(Pictures with short captions)
▽
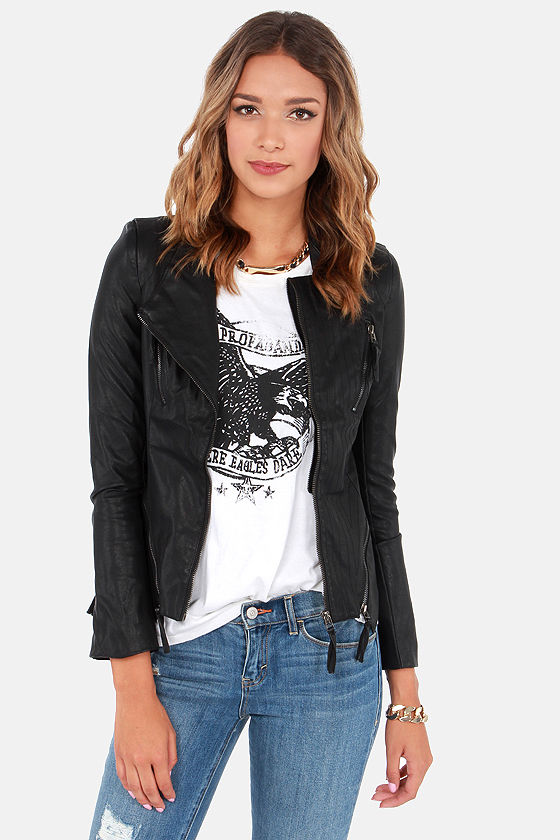 Cute Black Jacket - Vegan Leather Jacket - Moto Jacket - $95.00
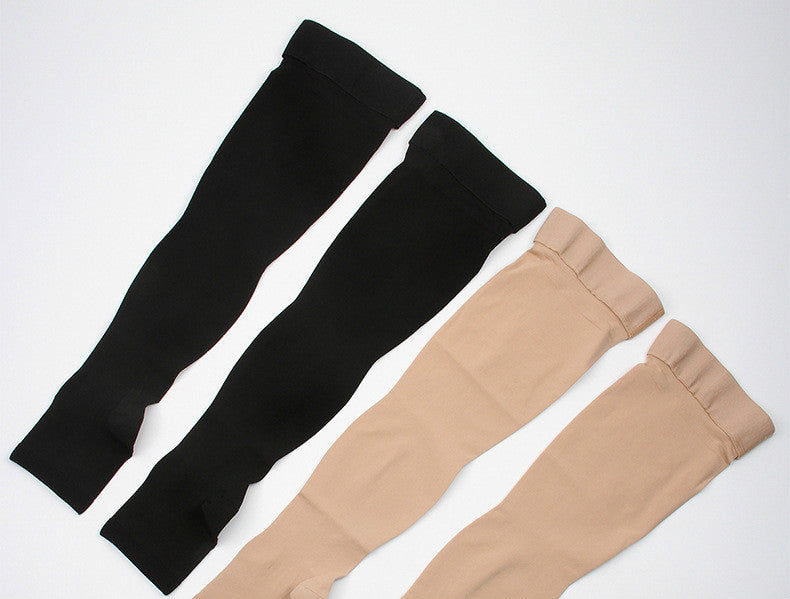 Thigh-high medical-grade compression stockings for edema and varicose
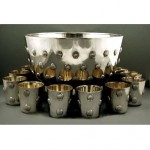 vintage aceves mexican sterling silver punch bowl set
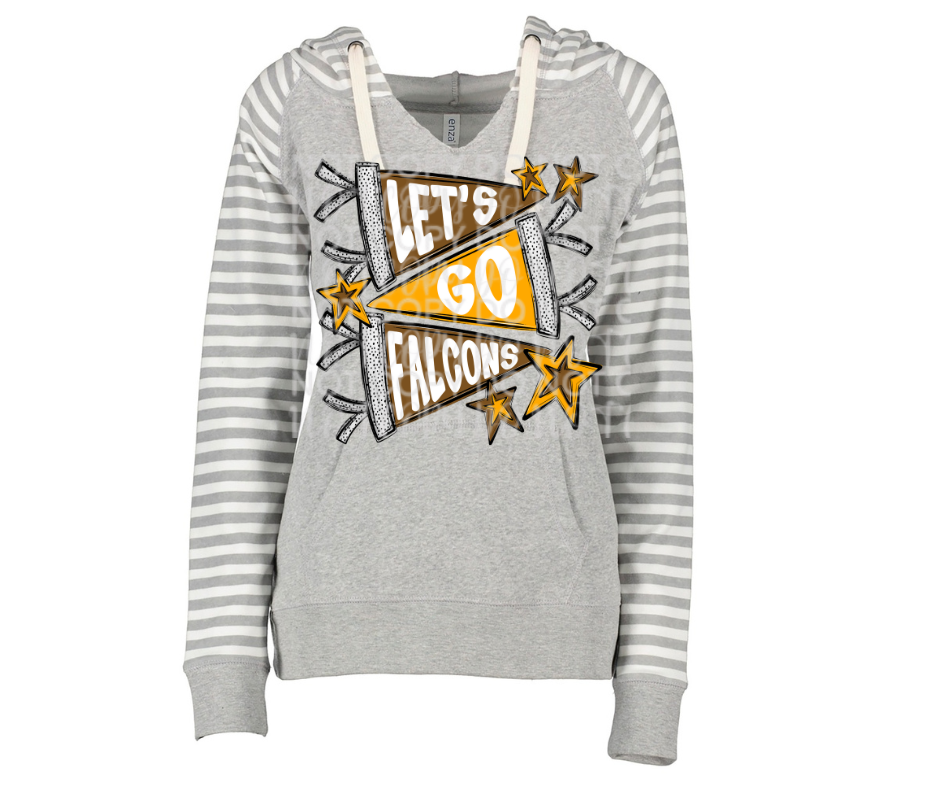 Lets go Falcons Pennant Flag Striped Sleeves Hoodie Top Options Ogemaw Falcons 2025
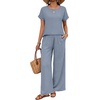 image:imageXIEERDUO Summer Sets For Women 2 Piece Sets Matching Set Women Clothing Lounge Set Beach Vacation Outfits 2026Light Blue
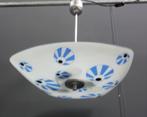 60 jaren hang lamp blauwe gestreepte bollen met zwarte stip, Ophalen, Gebruikt, Vintage, Glas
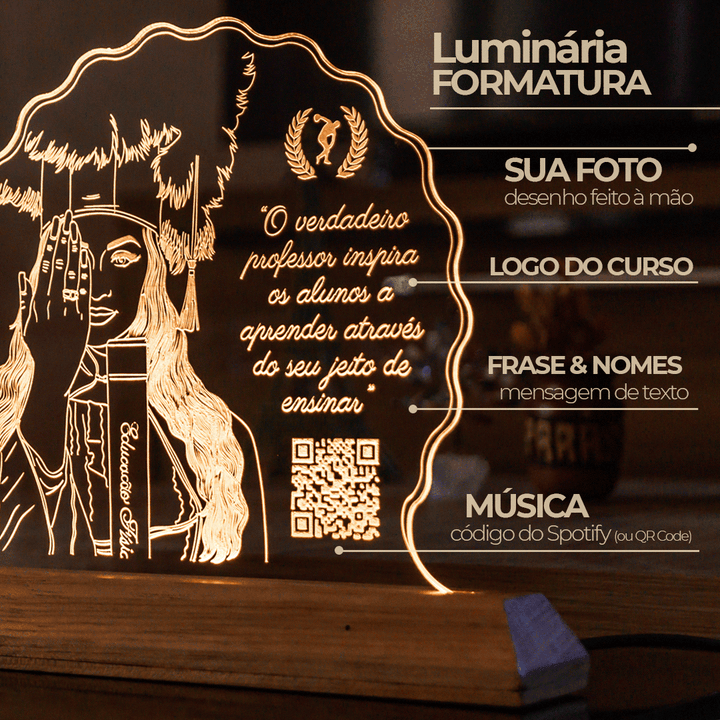 Luminária Formatura - Personalizada com Foto, Logo do Curso, Frase e Música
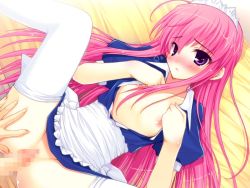  1boy 1girl blush breasts censored clothed_sex flat_chest game_cg hetero hime_x_hime kujouin_saki lying maid open_clothes penis pink_hair purple_eyes sex tagme tears thighhighs  rating:Explicit score:12 user:EvilGVDX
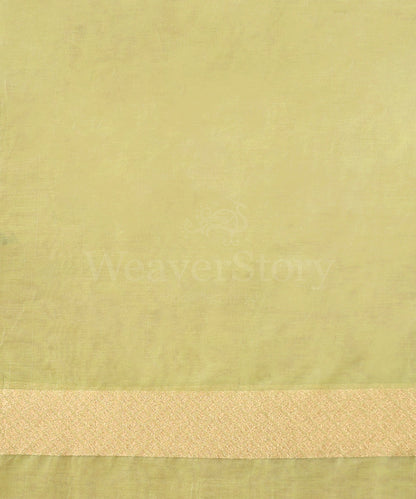 Handloom_Pista_Green_Pure_Kora_Cotton_Banarasi_Saree_With_Jamdani_Weave_WeaverStory_05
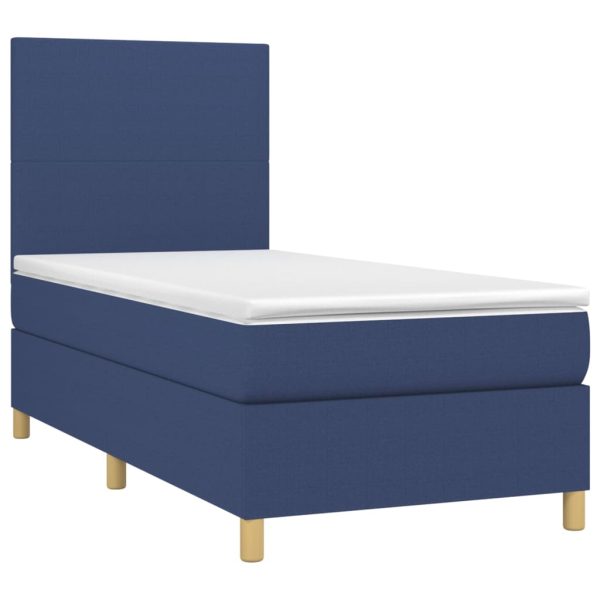 Pat box spring cu saltea, albastru, 90×190 cm, textil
△
# [AIM OF THE TASK]
Give the lines again exactly, beginning with the first line of the records above and ending with the line that contains "Luminária Formatura - Personalizada", and include no pictures.

# [EXPECTED ANSWER]
 Cute Black Jacket - Vegan Leather Jacket - Moto Jacket - $95.00
 Thigh-high medical-grade compression stockings for edema and varicose
 vintage aceves mexican sterling silver punch bowl set
 Lets go Falcons Pennant Flag Striped Sleeves Hoodie Top Options Ogemaw Falcons 2025
 image:imageXIEERDUO Summer Sets For Women 2 Piece Sets Matching Set Women Clothing Lounge Set Beach Vacation Outfits 2026Light Blue
 60 jaren hang lamp blauwe gestreepte bollen met zwarte stip, Ophalen, Gebruikt, Vintage, Glas
 Luminária Formatura - Personalizada com Foto, Logo do Curso, Frase e Música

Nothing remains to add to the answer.